##### Given data #####

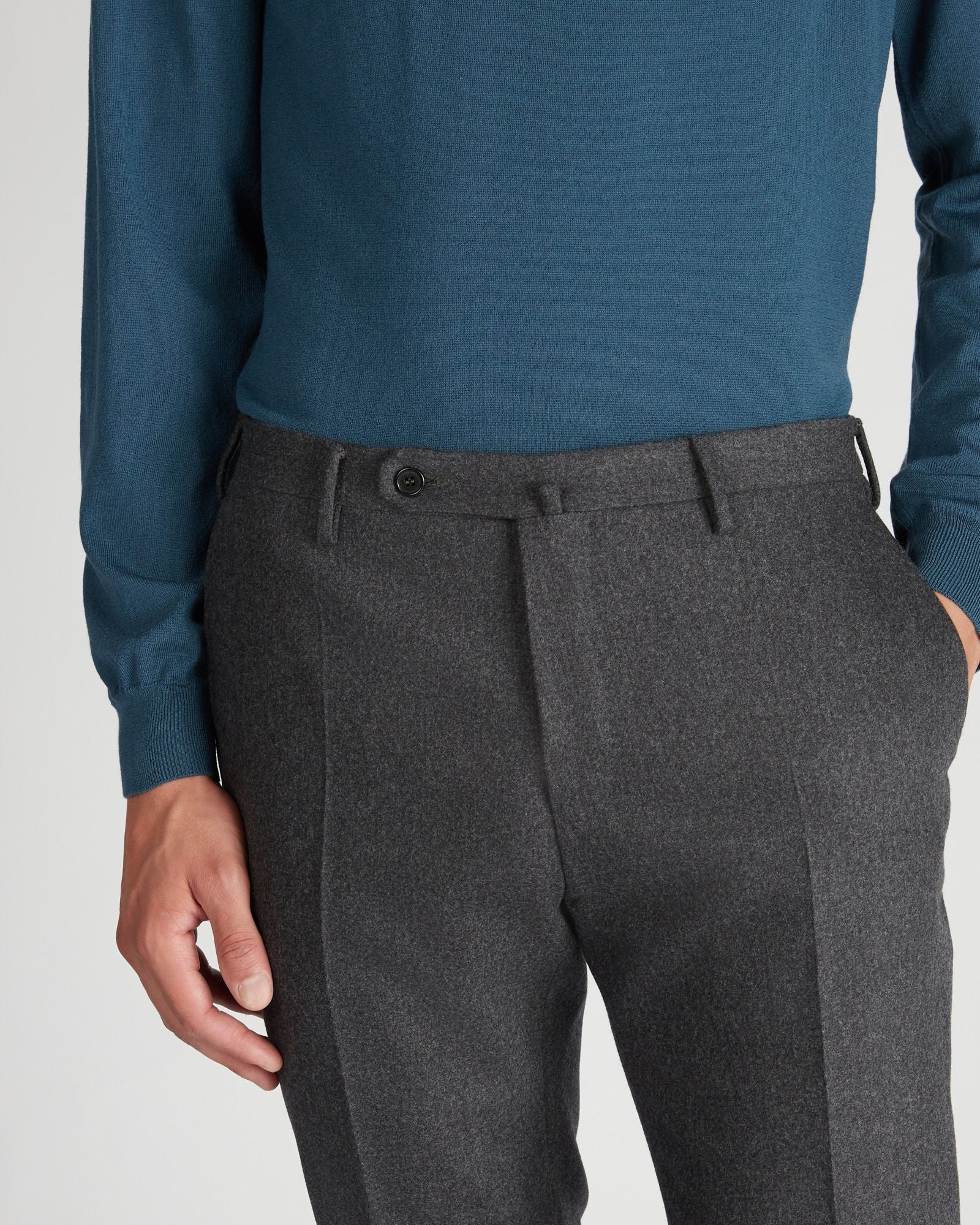 Slim fit wool and cashmere flannel trousers - Image 4
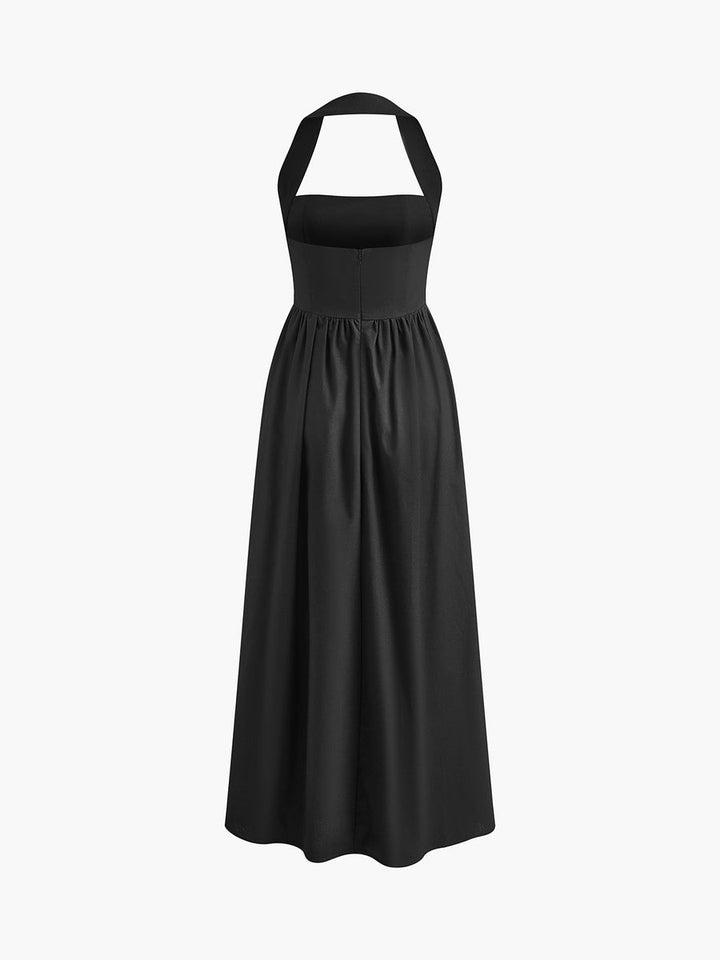 NELLA Cotton & Linen Halter A Line Long Dress - Auraflows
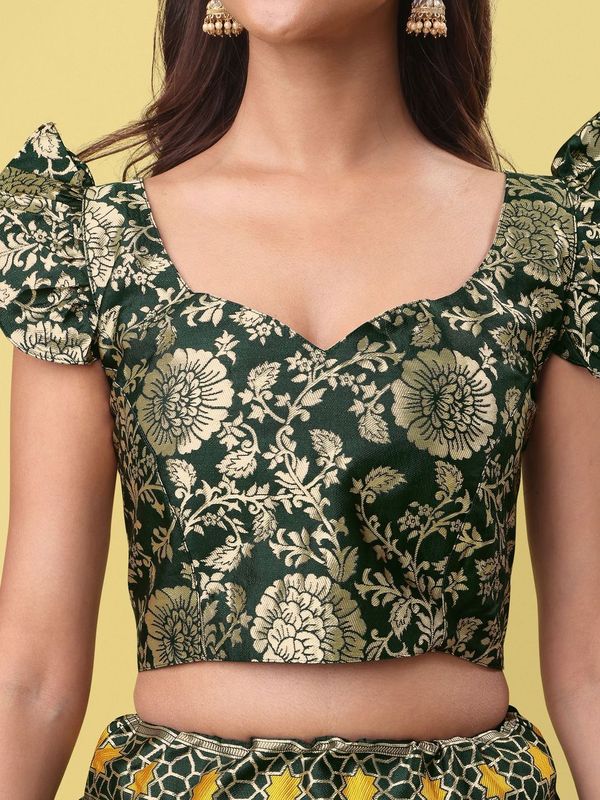 Women Green Jacquard Lehenga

#####

** Your instructions **
Restate word for word each line from the one containing "NELLA Cotton &" through the end of the material, pictures excluded.

** Task response **
 NELLA Cotton & Linen Halter A Line Long Dress - Auraflows
 Women Green Jacquard Lehenga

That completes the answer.